2009 NSW Inmate Health Survey disclosed 47 percent of male and 54 percent of female in NSW custody had been diagnosed with a mental illness or disorder.
NSW Criminal Courts statistics 2013 and MHRT Annual Report 2013/2014 revealed that approximately 3600 criminal law matters were finalised in District and Supreme court IN 2013, but only about 80 decisions were made under the Mental Health Forensic Provisions Act.
Criminal law recognizes that a person’s mental illness should be taken into account when they are tried for a serious crime and when they are sentenced. Usually, a psychiatric report is used when the accused person is raising the defence of mental impairment or fitness to stand trial in Criminal law proceedings. Nevertheless, the defence of mental illness is often viewed as an easy option and a loophole used by criminals to avoid punishment for their crimes.
Why mental illness is a defence
Under Australian Criminal Law, the key element to satisfy the person who is guilty of a criminal offence is the person must commit the unlawful act, while the person must intend to do wrong. Therefore, if an accused is suffering from a mental disorder, which disallows the person to understand and reason why he/she did such.

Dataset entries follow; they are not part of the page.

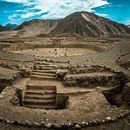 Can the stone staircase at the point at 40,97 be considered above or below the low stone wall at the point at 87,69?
below

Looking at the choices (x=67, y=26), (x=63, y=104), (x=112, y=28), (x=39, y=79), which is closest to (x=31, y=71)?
(x=39, y=79)

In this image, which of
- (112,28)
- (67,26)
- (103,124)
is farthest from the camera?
(112,28)

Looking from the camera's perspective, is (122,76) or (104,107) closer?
(104,107)

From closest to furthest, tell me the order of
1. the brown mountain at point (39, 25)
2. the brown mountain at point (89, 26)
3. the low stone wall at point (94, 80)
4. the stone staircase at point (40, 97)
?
the stone staircase at point (40, 97) → the low stone wall at point (94, 80) → the brown mountain at point (89, 26) → the brown mountain at point (39, 25)

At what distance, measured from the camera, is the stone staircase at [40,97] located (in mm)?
10992

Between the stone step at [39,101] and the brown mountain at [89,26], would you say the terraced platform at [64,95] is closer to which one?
the stone step at [39,101]

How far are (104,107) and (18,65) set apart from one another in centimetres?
620

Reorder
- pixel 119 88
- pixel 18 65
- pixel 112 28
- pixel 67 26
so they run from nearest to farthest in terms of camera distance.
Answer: pixel 119 88 < pixel 18 65 < pixel 67 26 < pixel 112 28

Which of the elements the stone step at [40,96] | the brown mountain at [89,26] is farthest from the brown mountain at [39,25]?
the stone step at [40,96]

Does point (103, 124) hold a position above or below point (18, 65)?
below

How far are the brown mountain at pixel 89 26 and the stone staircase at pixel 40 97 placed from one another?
46.8m

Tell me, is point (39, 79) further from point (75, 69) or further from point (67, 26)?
point (67, 26)

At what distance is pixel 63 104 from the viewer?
10.9 metres

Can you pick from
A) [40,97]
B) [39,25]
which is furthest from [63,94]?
[39,25] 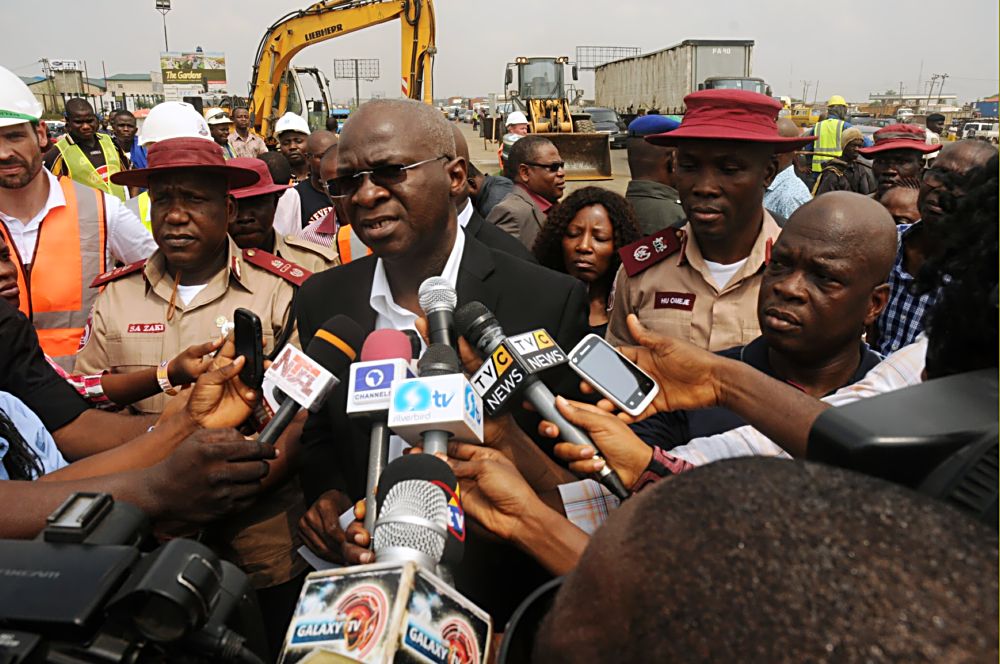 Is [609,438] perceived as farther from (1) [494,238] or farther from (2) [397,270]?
(1) [494,238]

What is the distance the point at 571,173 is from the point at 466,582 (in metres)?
13.0

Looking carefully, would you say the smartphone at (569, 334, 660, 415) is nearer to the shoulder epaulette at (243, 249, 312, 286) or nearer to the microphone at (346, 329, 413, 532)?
the microphone at (346, 329, 413, 532)

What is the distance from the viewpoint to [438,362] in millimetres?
1357

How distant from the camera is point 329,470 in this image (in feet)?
6.72

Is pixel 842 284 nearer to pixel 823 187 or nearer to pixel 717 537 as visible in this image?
pixel 717 537

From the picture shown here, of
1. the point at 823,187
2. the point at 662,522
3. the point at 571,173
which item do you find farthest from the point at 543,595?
the point at 571,173

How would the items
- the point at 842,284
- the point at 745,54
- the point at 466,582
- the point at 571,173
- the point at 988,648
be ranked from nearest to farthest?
the point at 988,648
the point at 466,582
the point at 842,284
the point at 571,173
the point at 745,54

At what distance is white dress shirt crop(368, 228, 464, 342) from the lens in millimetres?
2205

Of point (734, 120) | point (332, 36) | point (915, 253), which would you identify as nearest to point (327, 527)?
point (734, 120)

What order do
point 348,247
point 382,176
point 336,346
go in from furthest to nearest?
point 348,247 → point 382,176 → point 336,346

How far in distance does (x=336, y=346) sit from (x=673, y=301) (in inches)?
59.0

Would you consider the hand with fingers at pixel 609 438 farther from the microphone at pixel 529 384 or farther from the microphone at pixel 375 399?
the microphone at pixel 375 399

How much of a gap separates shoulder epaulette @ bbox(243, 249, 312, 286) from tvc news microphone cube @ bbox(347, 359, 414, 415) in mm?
1608

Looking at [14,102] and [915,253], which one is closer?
[14,102]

Definition of Mental illness
Criminal law proceedings in Local Courts of NSW, it defines mental illness in accordance with the Mental Health Act 1990 (NSW). However, the definition of mental illness when used in the NSW Higher courts in criminal law proceedings is different. It determines mental illness according to M’Naghten Rules., it is as follows:
“to establish a defence on the ground of insanity, it must be clearly proved that, at the time of the committing of the act, the part accused as labouring under such a defect of reason, from the disease of the mind, as not to know the nature and quality of the act he was doing; or if he did know it, that he did not know he was doing what was wrong.”
Fair Criminal Trial
The defendant must be able to understand the Criminal trial proceedings, ability to participate in the Criminal proceedings and ability to defend himself/herself when the accused goes under the Criminal trial. It is a different and separate question that the accused’s fitness at the time of the offence and time of the trial.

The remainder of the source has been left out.